Коломеец, весело глядя на Толю, жал ему руку:
- Слышал, как же! Василь писал мне о тебе. Спасибо за то, что приютили
наших воспитанников... А вот жатки-то будут?
- А чугун будет? - также улыбаясь в ответ, спросил Толя.
Коломеец обернулся лицом к эшелону и показал рукой на прицепленные к
хвосту его три нагруженные платформы.
- Неужто не хватит? - сказал он не без гордости.
- Еще и останется! - определил Толя. - Но, я вижу, не дошли еще до
ваших краев слова Феликса Эдмундовича: "С металлом обращаться, как с
золотом". Целые залежи, видно, его у вас. А я, признаться, думал, что Василь
маленько преувеличивает.
- До вашей телеграммы нам как-то в голову не приходило подобрать весь
этот лом, - оправдывался Никита. - Спасибо, надоумили!
- И как вы все это быстро собрали! - удивился Петро.
- Надо быстро. Урожай не ждет. Ночью, при факелах собирали. Теперь вся
надежда на вас!
- А что это за штука, Никита? - спросил я, показывая на разбитую
чугунную станину, с виду напоминавшую основание огромного стола.
- Это, брат, не "штука", а машина для печатания денег!
- Не та ли, что в духовной семинарии стояла? - вспомнил я.
- Она самая! - подтвердил Никита и, обращаясь к одному только
Головацкому, объяснил: - Видишь ли, в нашем городе задержалась однажды
петлюровская директория. И вот немцы прислали тогда Петлюре из Берлина эту
машину для печатания денег. Петлюра столько гривен и карбованцев на ней
напечатал, что и до сего дня дядьки в селах ими светлицы вместо обоев
оклеивают. Стояла потом эта поломанная машина в подвале
сельскохозяйственного института. Получили мы телеграмму Василия - и давай по
всем подвалам рыскать, металл собирать. А комсомольцы-студенты ее обнаружили
за штабелями дров. Подойдет?..
Головацкий медленно, отчеканивая каждое слово, сказал:
- А не жалко такую махину на лом брать? Нельзя ли ее для какой-нибудь
типографии приспособить?
- Думали. Прикидывали. Артель "напрасный труд"! - бросил Никита. -
Немецкие инструктора как дали тягу с Петлюрой за Збруч, так с собою все
ценные части захватили, а станину эту подорвали. Вся она трещинами изошла.

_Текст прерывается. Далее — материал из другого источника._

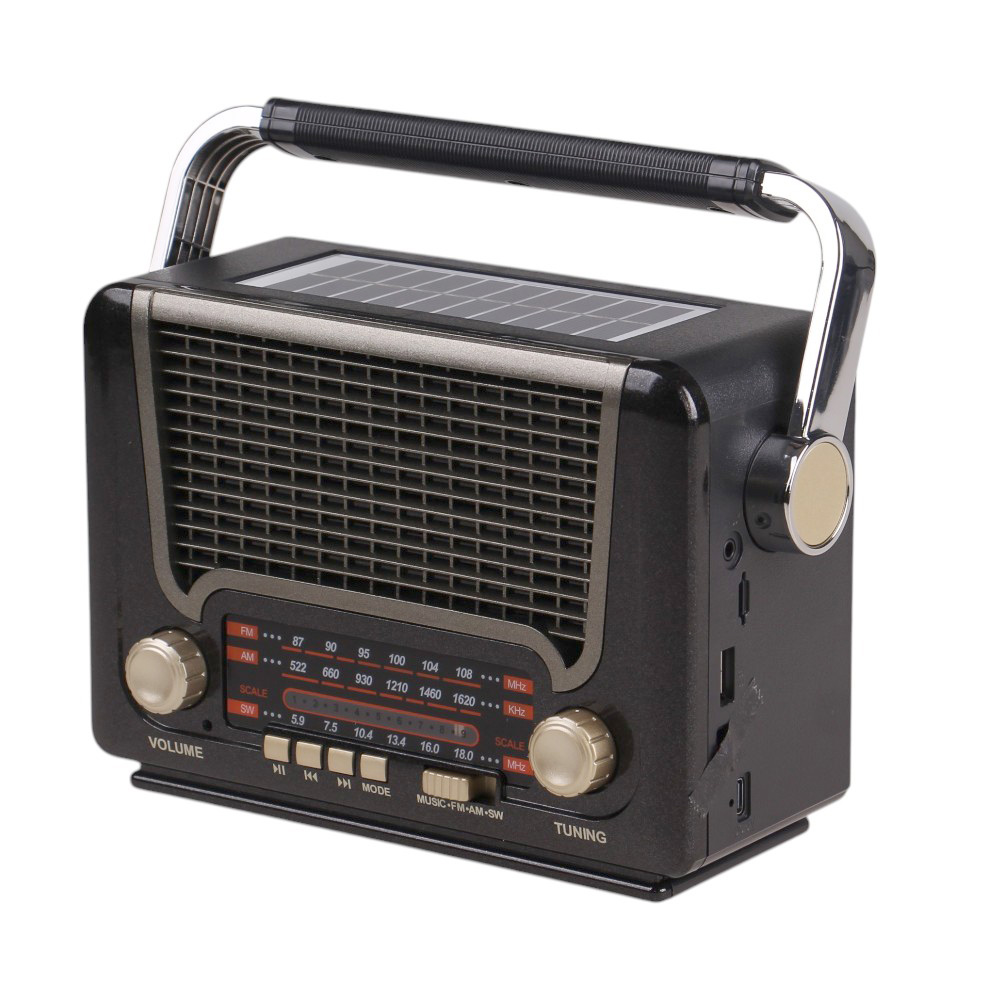 3pásmové solární rádio M-527BT šedé - náhľad 1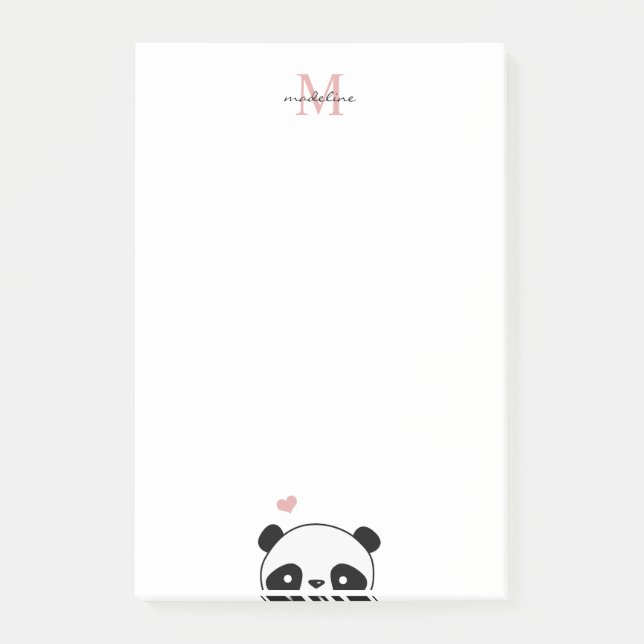 Post-it® Monogramme rose rose pâle Panda mignon Note post-i (Devant)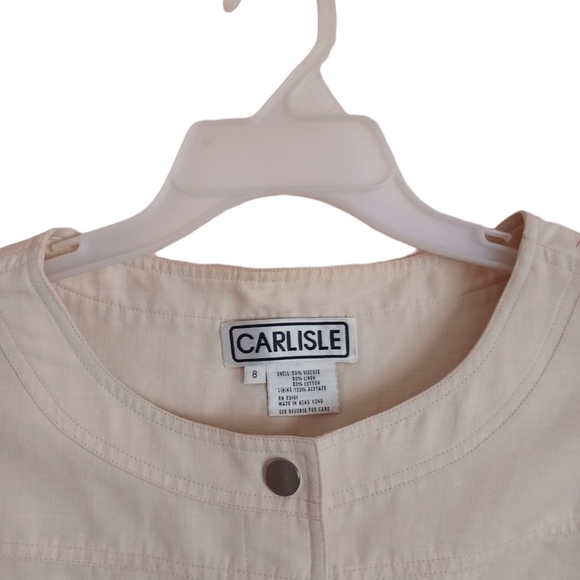 CARLISLE CREAM LONG SLEEVE SNAP UP JACKET - Picture 7 of 9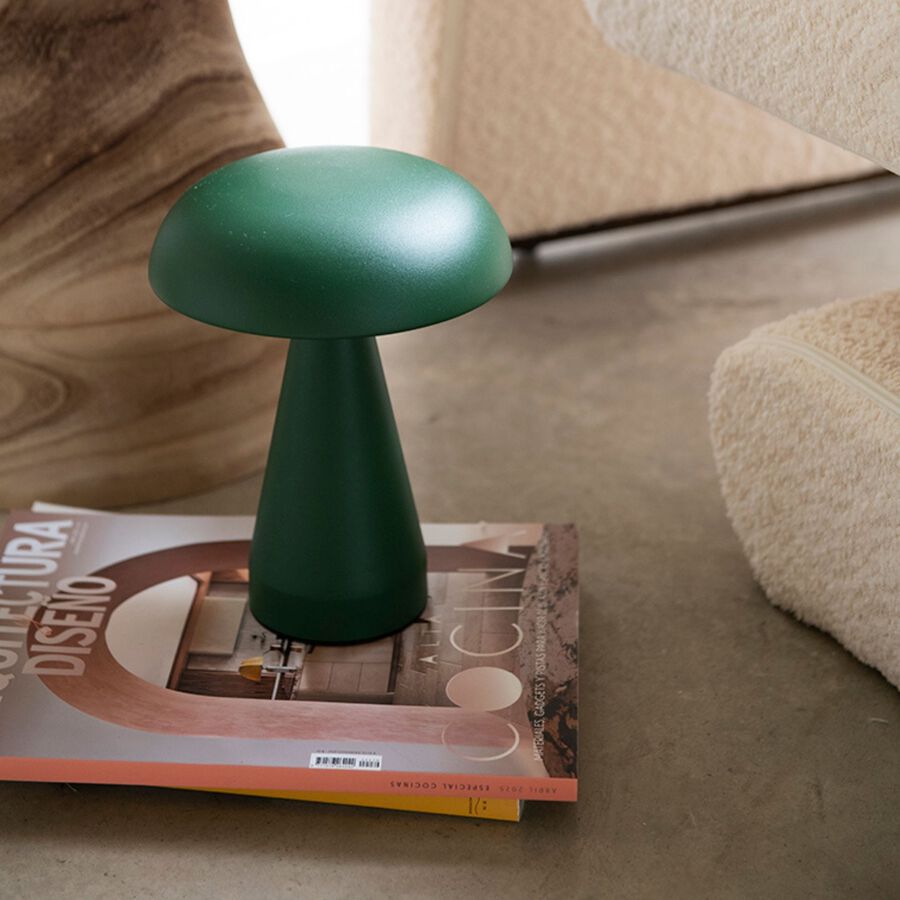 Lámpara de mesa inalámbrica LED recargable verde Seta Ø15x21cm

Новую легче сделать, чем ее чинить.
Я глядел на громоздкую станину, водруженную посредине платформы и
притянутую к ее бортам канатами. Вспомнился мне далекий год гражданской
войны, когда в городе, захваченном петлюровцами, прошел слух, что в духовной
семинарии будут печатать новые деньги. Живо вспомнилось мне, как силком
хотели петлюровцы и моего батьку, печатника, заставить под охраной
гайдамаков печатать их размалеванные бумажки с трезубами, скрепленные
подписью главного петлюровского казначея, какого-то Лебедя-Юрчика. Отец
закричал: "Я печатник, а не фальшивомонетчик!" - и был таков. Он ушел тогда
в Нагоряны, к партизанам.
И вот снова проклятая машина, от которой убегал в те годы из города
отец, встретилась на моем пути, но теперь она годилась только в переплавку.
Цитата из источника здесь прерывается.